See attached submission for further information.

AAM Livestock Agents and Auctioneers submission

An accountant at AAM Livestock Agents and Auctioneers (AAM), Ms Karen Melouney, told the Committee that the Bill burdened auctioneers with unnecessary and excessive red tape and costs. AAM believed that this would threaten the economic survival of auctioneers, which would, in turn, affect small-scale farmers. One example of this was the requirement that producers have audited financial statements.

AAM called for the requirement for registration of all directors and members of closed corporations to be removed. It recommended that registration should only be for the business entity. It also called for the removal of the requirements for the fidelity fund, credit insurance and trust accounts from the Bill.

See attached submission for further information.


Mr Capa asked IMASA why it recommended three fidelity funds to reduce risks in the agricultural sector. Did it still believe that the fidelity funds would assist after hearing the views from other presenters? What risks had the fidelity fund in the fresh produce industry covered? How much money did the local fidelity fund have? He was aware that many producers were selling directly to wholesalers.
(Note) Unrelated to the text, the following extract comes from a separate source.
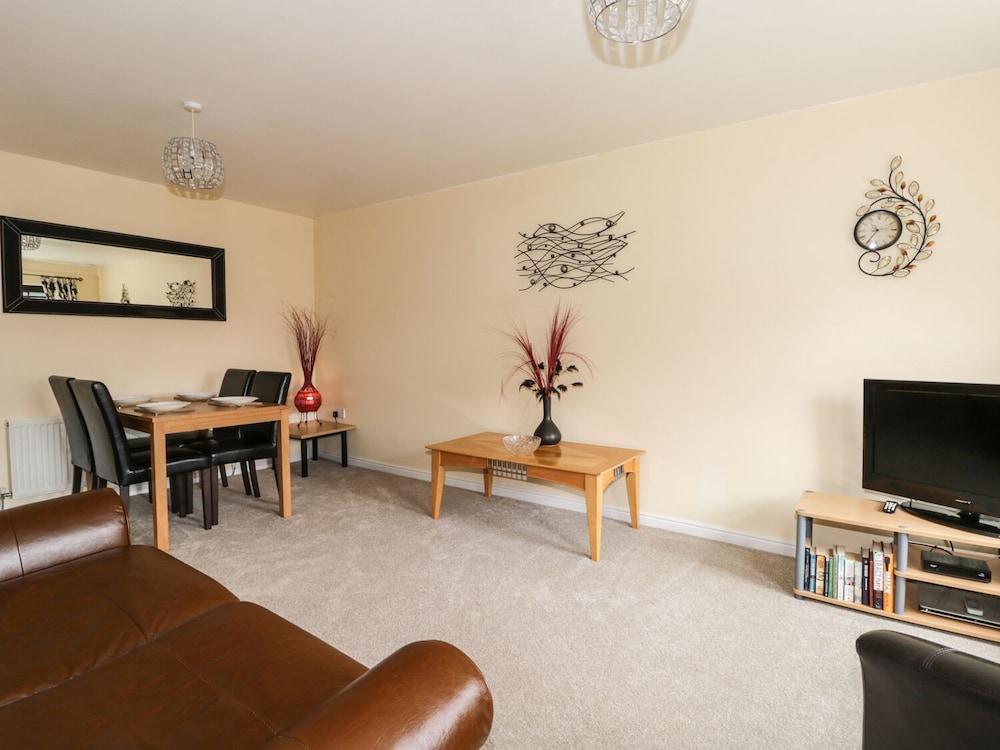 Prince Cottage view 4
In addition, several countries did not have fidelity funds; having this as a requirement for trade would lead to a loss of market share.

Ms Breedt said that the Committee should debate the issues raised.
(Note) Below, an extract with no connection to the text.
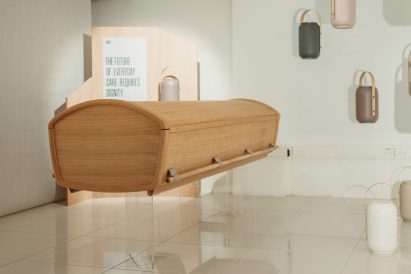 Lightweight coffin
Mr Capa asked AAM if small-scale farmers sold to abattoirs. If so, what impact would the Bill have on their sales to the abattoirs?

Ms Fredericks said that IMASA believed that livestock and export agencies should have fidelity funds to minimise risk for the industry. Over time, the current one had grown and stood at R50 million.

Ms Melouney said that small-scale farmers did have access to abattoirs, although via auction. As the abattoirs usually bought in bulk, only large-scale farmers sold directly to them. A small-scale farmer who sold one cow to an abattoir would get the same price per kilogram as the large-scale farmer that sold 40 slaughtered cattle. She was pleased that small-scale farmers contributed 43 percent of the turnover in KwaZulu-Natal in the previous financial year.

Mr Masipa asked IMASA what the risks they had referred to in the presentation were. He asked whether the fidelity fund protected producers who sold directly to retail outlets such as Woolworths or Checkers. 

Ms Fredericks said that the fidelity fund

 did not protect producers who sold directly to retail outlets, and the fund only protected producers who sold directly to fresh produce markets.

Mr Masipa asked what risks IMASA had encountered over 30 past years, which it believed needed to be covered in the Bill.

Ms Fredericks said the biggest risks were theft and fraud. The APAC regulated the salespersons and the market agents to eradicate that risk.

The Chairperson thanked the presenters for their detailed presentations on the Bill.

The meeting was adjourned after the adoption of minutes.